Twenty-Five Years after Desert Storm

The crisis and the conflict we have come to call “Desert Storm” is twenty-five years old.  This crisis began on August 2, 1990, when Saddam Hussein occupied Kuwait and purported annexation as a prelude to hegemony of oil in the Arabian Peninsula and control of the Persian Gulf. 

“Desert Shield” was the military codename for the defense against further Iraqi aggression, and “Desert Storm” was the codename for the liberation of Kuwait.  Although predominantly an American military operation, Desert Storm was truly an international effort.  The victory was so stunning and absolute that it is easy in retrospect to dismiss Iraqi military prowess and to forget that the Iraqi Army, the fourth largest in the world, had fought successfully for almost a decade a much larger army in the Iraq-Iran War. 

Desert Storm stands in stark contrast to our wars in Vietnam and Korea and to Obama’s ghastly incompetence in Iraq and Afghanistan.  Whatever one may think of the presidency of George H. Bush, his management of Desert Storm was masterful: he listened to his military advisors and did all he could to minimize American casualties.  As a result, total American casualties were 293, with half of those in a single strike on an American military compound by a Scud missile.

The ripple effects of this stunning military victory were felt around the world.  Although the Warsaw Pact had effectively disintegrated by the time of Desert Storm, the Soviet Union was still intact.  Desert Storm demonstrated the vast qualitative edge in American military technology.  The Kremlin saw that its investment of many decades in building up its military was in vain.  It was clear that if there ever was a true showdown with America, the Soviets would be crushed.

Much of the Arab world had cause to view America as a protector not just of Israel, but of peaceful Arab nations as well.  Israel was goaded in every way possible by Saddam Hussein to enter the war, including Scud missile attacks, but the reassurance by America that Hussein’s aggression would fail persuaded Israel to refrain from fighting.

Desert Storm, which came so soon after the disintegration of the Warsaw Pact and the liberation of Eastern Europe, helped assure the collapse of the Soviet Union into the Russian Republic and lead all the other constituent nationalities into independence.  The vast investment the Soviets had made in armaments was clearly a total waste: American military technology was a quantum leap ahead of the Soviet military.

If someone twenty-five years ago, after Desert Storm, had said that in a quarter of a century Iran would be moving without our opposition toward building a nuclear weapon, that many thousands of American soldiers would have been killed or maimed fighting a no-win war in the region, that Russia would be lurking on the borders of Ukraine, and that terrorists would be routinely threatening Americans in their homeland, that person would have condemned the dismal prophet who made that prediction as crazy.

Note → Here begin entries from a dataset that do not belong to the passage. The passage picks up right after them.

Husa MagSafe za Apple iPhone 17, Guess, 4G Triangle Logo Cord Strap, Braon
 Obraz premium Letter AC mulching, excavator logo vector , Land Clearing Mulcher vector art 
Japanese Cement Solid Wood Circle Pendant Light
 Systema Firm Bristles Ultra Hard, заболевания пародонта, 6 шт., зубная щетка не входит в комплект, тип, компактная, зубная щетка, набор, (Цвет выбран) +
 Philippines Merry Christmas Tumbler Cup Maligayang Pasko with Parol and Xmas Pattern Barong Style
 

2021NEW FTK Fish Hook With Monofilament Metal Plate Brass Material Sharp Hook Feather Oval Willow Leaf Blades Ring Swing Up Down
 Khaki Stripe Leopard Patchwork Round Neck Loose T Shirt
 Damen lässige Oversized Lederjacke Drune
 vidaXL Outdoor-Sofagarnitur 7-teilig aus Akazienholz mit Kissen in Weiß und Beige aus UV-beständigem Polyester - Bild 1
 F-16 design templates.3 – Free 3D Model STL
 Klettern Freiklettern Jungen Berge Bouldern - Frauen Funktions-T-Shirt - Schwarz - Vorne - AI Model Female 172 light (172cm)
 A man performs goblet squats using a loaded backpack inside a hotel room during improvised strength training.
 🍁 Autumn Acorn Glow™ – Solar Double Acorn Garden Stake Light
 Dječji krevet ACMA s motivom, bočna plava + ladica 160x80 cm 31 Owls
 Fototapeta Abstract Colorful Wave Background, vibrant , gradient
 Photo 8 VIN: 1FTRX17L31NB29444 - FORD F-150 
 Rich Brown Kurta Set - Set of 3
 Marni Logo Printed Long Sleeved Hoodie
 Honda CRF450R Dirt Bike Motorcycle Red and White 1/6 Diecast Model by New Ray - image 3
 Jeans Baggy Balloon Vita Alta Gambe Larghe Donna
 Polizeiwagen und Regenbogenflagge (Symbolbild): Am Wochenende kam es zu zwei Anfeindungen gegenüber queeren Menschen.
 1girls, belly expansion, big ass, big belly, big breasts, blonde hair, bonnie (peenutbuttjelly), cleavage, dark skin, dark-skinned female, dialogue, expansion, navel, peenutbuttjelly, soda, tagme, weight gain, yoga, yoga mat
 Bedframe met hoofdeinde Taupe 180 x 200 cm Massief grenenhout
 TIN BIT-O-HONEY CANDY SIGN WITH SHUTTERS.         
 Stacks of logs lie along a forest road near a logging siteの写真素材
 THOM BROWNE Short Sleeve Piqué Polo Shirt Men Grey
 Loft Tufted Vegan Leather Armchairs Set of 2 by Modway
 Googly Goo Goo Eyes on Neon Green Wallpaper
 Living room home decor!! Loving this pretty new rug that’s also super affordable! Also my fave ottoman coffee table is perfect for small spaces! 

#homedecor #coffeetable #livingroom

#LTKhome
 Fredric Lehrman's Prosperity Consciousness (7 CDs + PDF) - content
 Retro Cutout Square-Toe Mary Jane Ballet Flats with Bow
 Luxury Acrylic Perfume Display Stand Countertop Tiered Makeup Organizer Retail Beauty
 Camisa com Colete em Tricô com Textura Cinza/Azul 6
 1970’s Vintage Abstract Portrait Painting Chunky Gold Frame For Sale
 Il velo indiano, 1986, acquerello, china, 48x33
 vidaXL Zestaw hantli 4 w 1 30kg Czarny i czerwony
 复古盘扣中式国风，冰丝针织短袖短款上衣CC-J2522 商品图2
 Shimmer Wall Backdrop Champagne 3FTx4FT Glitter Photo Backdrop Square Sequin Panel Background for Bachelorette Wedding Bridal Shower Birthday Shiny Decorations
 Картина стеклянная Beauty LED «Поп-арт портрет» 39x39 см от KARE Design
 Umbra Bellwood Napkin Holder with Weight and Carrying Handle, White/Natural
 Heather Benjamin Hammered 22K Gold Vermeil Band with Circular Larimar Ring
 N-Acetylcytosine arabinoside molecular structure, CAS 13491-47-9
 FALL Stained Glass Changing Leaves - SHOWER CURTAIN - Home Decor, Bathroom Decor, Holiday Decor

What happened?  Our brave men in uniform did not fail us; our political leaders failed them and failed America.  Rather than treat our soldiers, sailors, and airmen as something precious, our leaders reverted back to the LBJ Vietnam mentality of using these Americans as pawns to be sacrificed to protect some politicians’ political position.

So Obama determined how many men to have in particular nations and how to conduct operations based not upon sound military thinking, but instead upon making Obama look good.  Natural allies like the Kurds and Jordanians and Egyptians were ignored and abandoned.  Obama has never claimed the moral high ground, even against monstrous enemies like ISIS and Iran, because he can never imagine our nation being right and our enemy being wrong.

The final goal of our sacrifices has never been defined, because Obama has no real final goal.  His national security plan is to be popular in next week’s polls.  His attitude is to fawn on our enemies and to dismiss our friends.  All the slithering enemies of humanity are emboldened, and all our friends and the friends of the civilized world are demoralized.  We will, grimly, have to pay the price for this selfishness and stupidity, and those who pay the price will not be the vain and strutting politicians, but those willing to die that we might be safe and free.